Here’s the single-season trick. Never cut the leader to add tippet. As soon as you install a fresh leader, tie a surgeon’s loop at the terminal end and use the loop as the attachment point for tippet. Either make a positive connection tying the tippet directly to the loop using a clinch knot or tie a surgeon’s loop on the tippet and attach it to the leader using a loop to loop connection. The advantage of using the surgeon’s knot is it is simple and can be tied quickly before cutting the tippet from the spool; allowing you to measure the exact length needed after tying the knot. Purists will argue for the clinch knot since it is tighter than the slightly looser loop connection and loses none of the casting energy; an insignificant difference given the problems most of us have with casting. When a few fly changes consume the tippet, clip it off near the loop (or “unloop” it) and attach a new length. This protects the manufactured taper of the leader all the way to the end since you never cut it. Using this approach and ignoring abrasion, a single leader could last the entire season (but do not ignore abrasion; check the leader often).
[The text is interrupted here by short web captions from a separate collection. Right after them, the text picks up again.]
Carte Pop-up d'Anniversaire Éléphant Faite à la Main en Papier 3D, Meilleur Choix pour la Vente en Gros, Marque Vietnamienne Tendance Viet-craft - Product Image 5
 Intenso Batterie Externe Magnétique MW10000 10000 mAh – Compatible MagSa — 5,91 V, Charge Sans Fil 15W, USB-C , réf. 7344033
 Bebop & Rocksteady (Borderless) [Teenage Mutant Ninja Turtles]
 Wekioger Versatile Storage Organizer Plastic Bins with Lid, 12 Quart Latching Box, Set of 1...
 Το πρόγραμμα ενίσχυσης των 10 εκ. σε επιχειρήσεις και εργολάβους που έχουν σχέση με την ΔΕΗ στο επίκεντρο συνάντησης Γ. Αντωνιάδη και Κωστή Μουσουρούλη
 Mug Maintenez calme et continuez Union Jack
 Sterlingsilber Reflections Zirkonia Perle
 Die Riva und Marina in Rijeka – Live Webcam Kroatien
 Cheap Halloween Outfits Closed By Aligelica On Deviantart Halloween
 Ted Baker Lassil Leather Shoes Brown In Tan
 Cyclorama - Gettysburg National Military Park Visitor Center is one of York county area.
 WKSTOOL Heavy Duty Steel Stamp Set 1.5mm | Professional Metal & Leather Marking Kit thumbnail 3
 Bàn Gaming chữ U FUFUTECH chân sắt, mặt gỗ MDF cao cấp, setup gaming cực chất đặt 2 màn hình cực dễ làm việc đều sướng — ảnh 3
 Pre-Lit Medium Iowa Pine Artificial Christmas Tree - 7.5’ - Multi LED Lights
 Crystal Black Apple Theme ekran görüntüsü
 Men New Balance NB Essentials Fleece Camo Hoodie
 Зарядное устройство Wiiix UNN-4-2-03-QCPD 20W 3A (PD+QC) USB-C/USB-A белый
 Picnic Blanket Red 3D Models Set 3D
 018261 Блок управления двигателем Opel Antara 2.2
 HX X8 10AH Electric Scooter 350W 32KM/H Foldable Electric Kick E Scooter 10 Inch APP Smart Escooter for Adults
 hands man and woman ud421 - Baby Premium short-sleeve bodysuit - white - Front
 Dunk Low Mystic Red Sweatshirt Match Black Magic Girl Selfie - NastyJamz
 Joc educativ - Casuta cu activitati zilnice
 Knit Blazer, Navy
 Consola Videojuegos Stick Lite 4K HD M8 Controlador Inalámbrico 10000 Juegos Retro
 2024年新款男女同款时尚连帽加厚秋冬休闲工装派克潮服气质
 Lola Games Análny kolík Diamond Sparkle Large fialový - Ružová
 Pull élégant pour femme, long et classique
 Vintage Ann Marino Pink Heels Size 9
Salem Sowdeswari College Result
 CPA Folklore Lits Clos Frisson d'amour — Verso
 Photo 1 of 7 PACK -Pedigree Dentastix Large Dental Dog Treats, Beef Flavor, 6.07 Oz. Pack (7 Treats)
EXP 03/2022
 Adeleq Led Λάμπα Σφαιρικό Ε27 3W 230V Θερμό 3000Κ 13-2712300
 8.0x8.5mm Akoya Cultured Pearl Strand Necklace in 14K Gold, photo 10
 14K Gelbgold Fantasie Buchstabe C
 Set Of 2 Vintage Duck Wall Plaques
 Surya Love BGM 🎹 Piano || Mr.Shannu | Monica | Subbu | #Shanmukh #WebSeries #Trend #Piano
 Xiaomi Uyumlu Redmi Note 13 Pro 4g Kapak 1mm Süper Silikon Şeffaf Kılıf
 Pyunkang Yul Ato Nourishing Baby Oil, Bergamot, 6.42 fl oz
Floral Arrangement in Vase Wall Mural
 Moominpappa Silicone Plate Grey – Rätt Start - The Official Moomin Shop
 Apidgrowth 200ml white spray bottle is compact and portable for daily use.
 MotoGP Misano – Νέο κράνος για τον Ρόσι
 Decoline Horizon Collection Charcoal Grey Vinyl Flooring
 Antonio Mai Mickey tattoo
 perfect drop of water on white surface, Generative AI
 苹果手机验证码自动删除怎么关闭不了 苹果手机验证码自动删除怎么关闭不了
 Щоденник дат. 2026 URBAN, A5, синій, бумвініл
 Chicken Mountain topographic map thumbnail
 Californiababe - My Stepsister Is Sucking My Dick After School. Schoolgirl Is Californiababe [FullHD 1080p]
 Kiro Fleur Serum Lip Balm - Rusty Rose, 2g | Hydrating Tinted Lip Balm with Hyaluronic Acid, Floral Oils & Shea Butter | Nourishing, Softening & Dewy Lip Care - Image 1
Even after using it for four seasons, this light weight Quigley furled leader is in great shape. Note the loop connections.

Want a leader to last multiple seasons? Get a furled leader. Manufacturers create them by weaving thin diameter mono, fluorocarbon or thread material together to produce something that looks like a long, skinny ponytail with a loop connection at both ends. Do not confuse a “furled” with a “braided” leader. The weave on a braided leader creates a hollow core that holds water; creating more splash upon landing. Furled leaders have a solid center. Advocates of furled leaders argue the woven pattern makes them more efficient in transferring energy from the fly line. Besides, furled leaders have no memory, will not kink and never require stretching to straighten. One disadvantage is they are more likely to sink as silt settles into the weave. When this occurs, wipe it down and apply paste floatant. Another option to maintain buoyancy is to attach a small indicator, keeping the distance from the fly, at the end of the leader– something that is a good idea anyway if you have a hard time seeing the fly. Unfortunately, most stores do not stock furled leaders and you must purchase them online. I use furled leaders from Blue Sky (blueskyfly.com) and Quigley (twistedleaders.com). With care (wash using mild soap occasionally), a furled leader will last many seasons.

Two final points on leaders. First, one size does not fit all, and you should change leaders to match conditions. Choose a longer leader/tippet combination for spooky fish. Second, match the terminal tippet to the size of the fly. Orvis recommends 6X tippet for flies ranging from size 16 to 22, 5X for sizes 14 through 18 and 4X for sizes 12 to 16.

The ultimate key to one leader, one season? The surgeon’s loop knot!